The dude with the gun is the other Mutt. Stan has made two appearances on the Lost Issues already...

Alaric Shapli said...

I love the way the dialog perfectly captures a certain period of Marvel covers.

Simreeve said...

I could see "the dude with the gun", just wondered whether his name was known...

Ross said...

I'd dig into the back issues for Marvel Team-Up 8 for that answer...

Anonymous said...

I remember the cover this is based on! The volume 1 issue of Marvel Team-Up featuring Spidey and Greer "the Cat" Nelson.*


*Back when comics were "STILL ONLY 20 CENTS!"



Matthew Baugh said...

I think the bulk of the cover is from an issue of MTU with Catwoman taking Spiderman's place. At the time Man-Killer was (IIRC) a section head for Hydra. The other "mutt" is a no-name Hydra agent. In the lower right you can see the muzzle of a gun that is held by another Hydra mutt.

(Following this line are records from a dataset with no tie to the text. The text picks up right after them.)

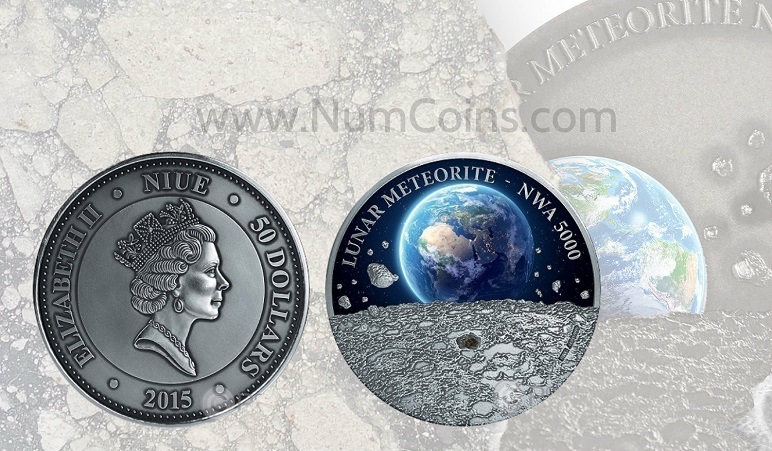 20 долларов NIUE с осколками лунного метеорита NWA 5000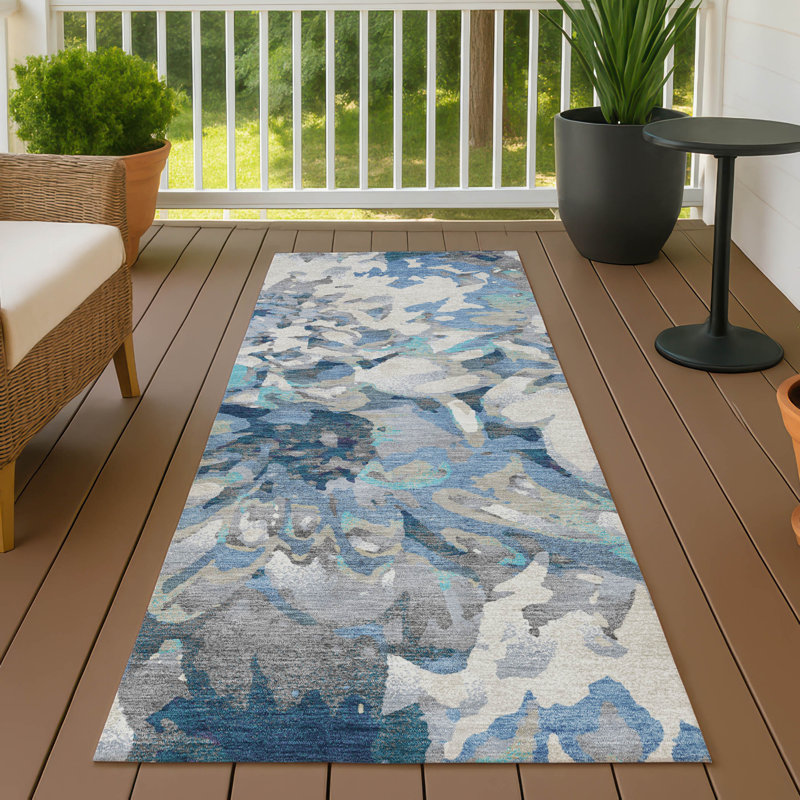 Tapis floral intérieur / extérieur lavable à la machine Chantille ACN2340, Tapis de couloir 2 pi 3 po x 7 pi 6 po
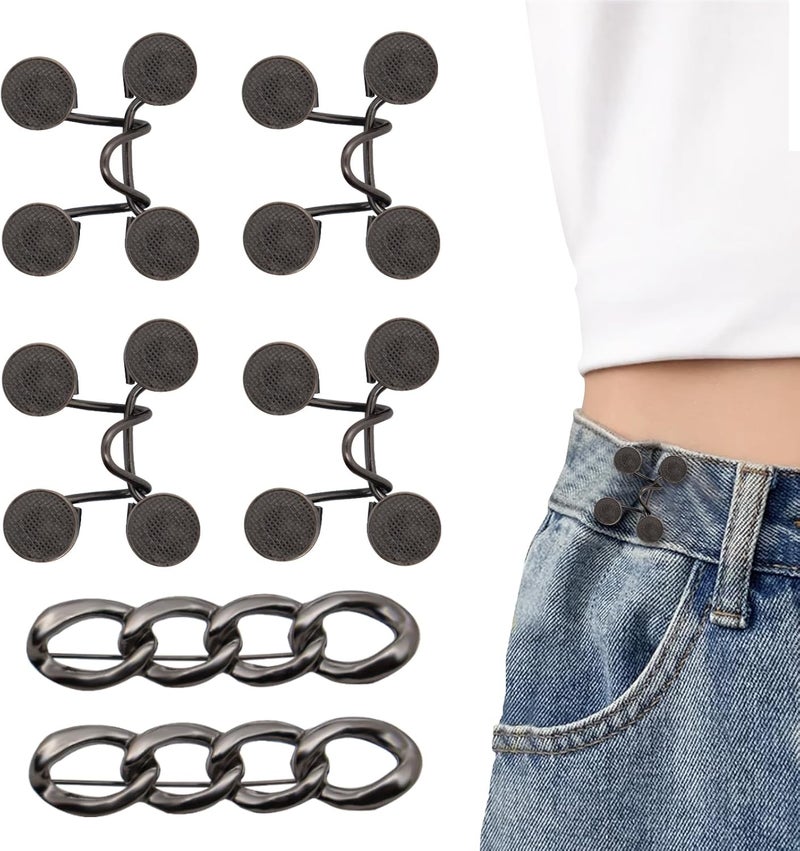 ROPAKED 6 Set Pant Waist Tightener Buttons Pins for Loose Jeans Reusable Waist Cincher Clip Metal Brooch for Clothing Dresses Skirts No Sewing Decoration Accessories（Black - Image 1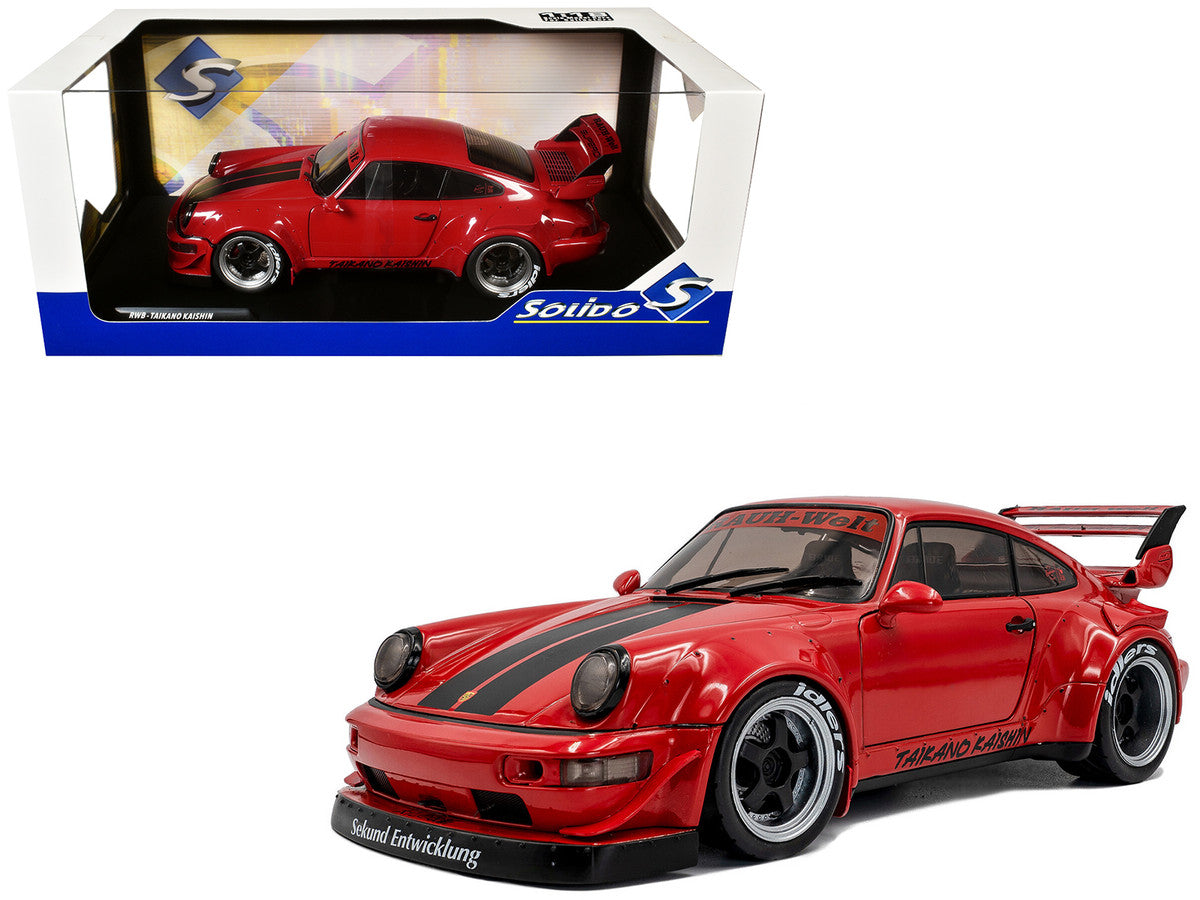2024 RWB Bodykit "Taikano Kaishin" Red with Black Stripes 1/18 Diecast Model Car by Solido by Solido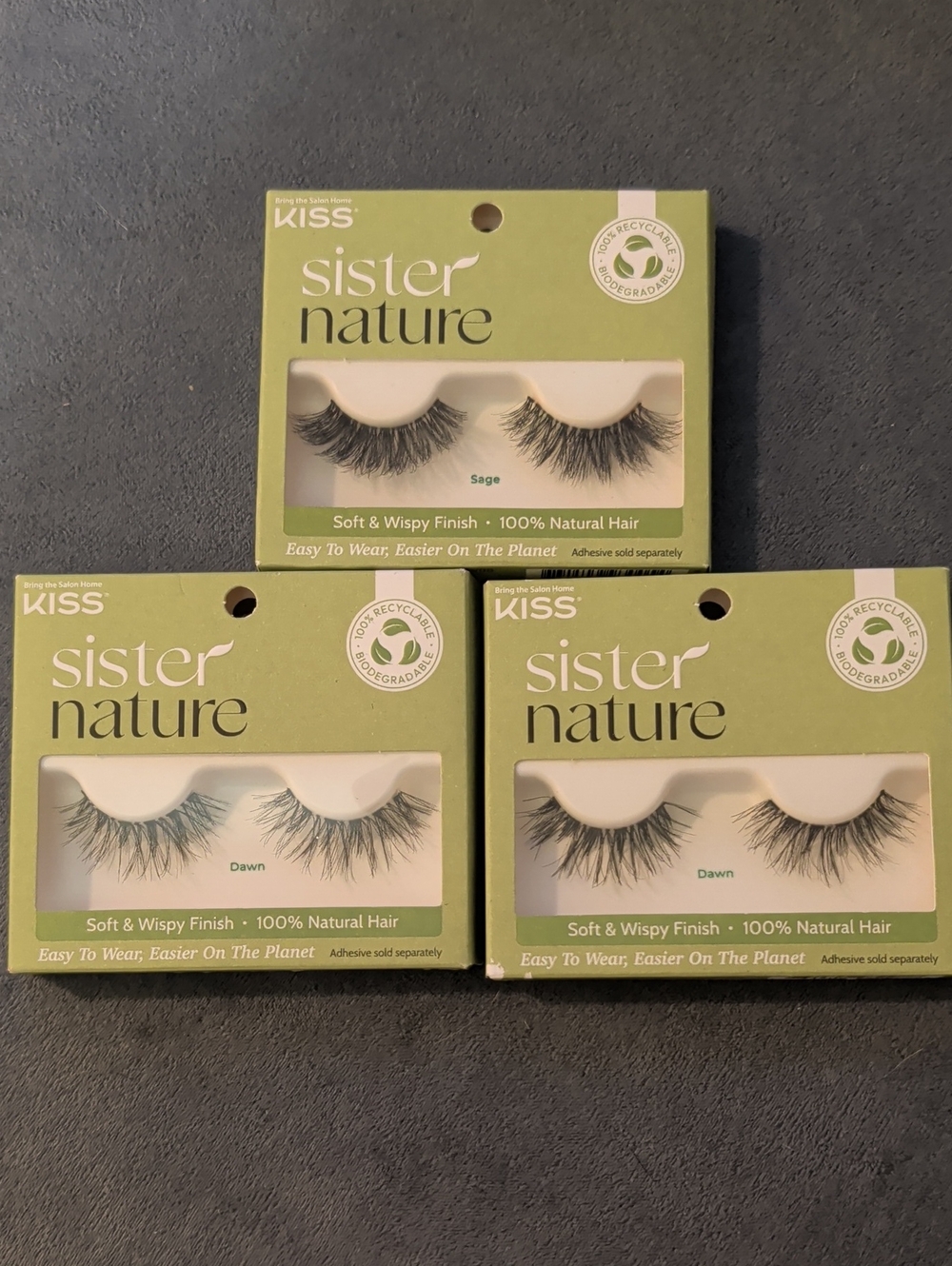 KISS Sister Nature False Lashes - Sage & Dawn (Green Packaging) 3 Count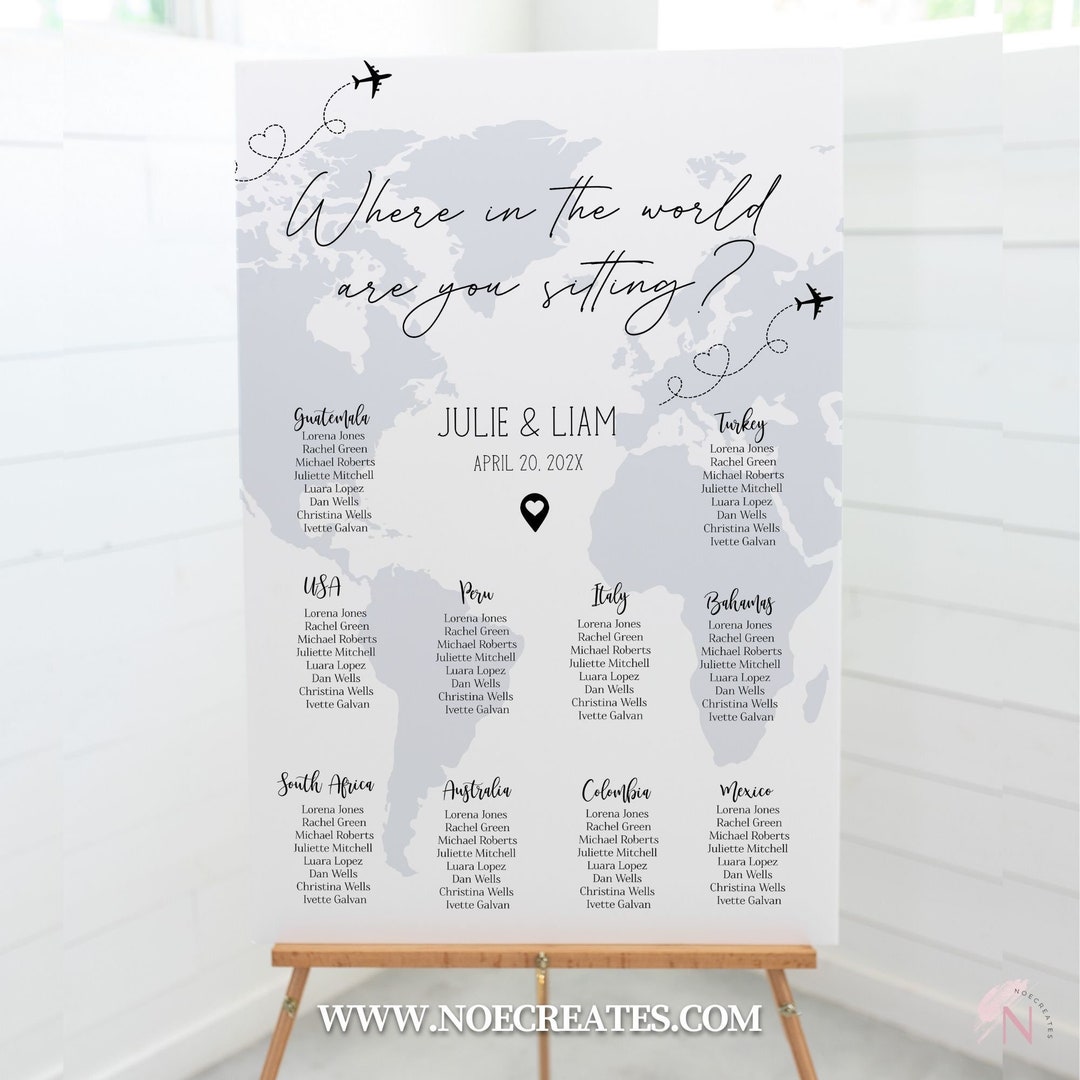 Seating Chart Sign, Seating Chart Template With a Customizable World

I agree completely about the women drawn by Stevens and Romita. Too much "sexy" comic art these days focusses on overblown proportions and contorted poses. These guys created more realistic figures and used body language to convey personality.

Sonofjack Well said...

I always thought that Nick Cardy drew very attractive women in comics like The Teen Titans and The Brave and the Bold (I loved his art on the one and only appearance of "The Bat Squad"). I also always liked the sexy-cute women that Bob Oksner drew such as Angel of "Angel and the Apre" and Supergirl when she wore her hot pants outfit.

Ross said...

Oh yes, those are two more great examples.

Simreeve said...

Matthew Baugh said...
"I think the bulk of the cover is from an issue of MTU with Catwoman taking Spiderman's place. At the time Man-Killer was (IIRC) a section head for Hydra. The other "mutt" is a no-name Hydra agent. In the lower right you can see the muzzle of a gun that is held by another Hydra mutt."
Thank you for the information.

Anonymous said...

@ Matt & Sim:

Actually, the MTU issue in which she debuted featured Man-Killer as unknowingly working for AIM (which, at that time, was still a independent splinter faction headed by MODOK). It was only during the "Foggy Nelson, Agent Of SHIELD" story arc in DAREDEVIL AND THE BLACK WIDOW that she was listed as a Hydra division chief. Which was also the start of Silvermane's leadership of it, if I recall correctly.*

*And, I'm dead certain I do. :-)

Matthew Baugh said...

That sounds right. In fact, now that you say so, wasn't MK learning that she had been duped into working for men a plot point for that MTU?

Cary Comic said...

Exactly! She had been tripped up by a sexist male rival in some kind of Winter Olympic-style downhill ski race. And the resulting paraplegia made her a total misandryist.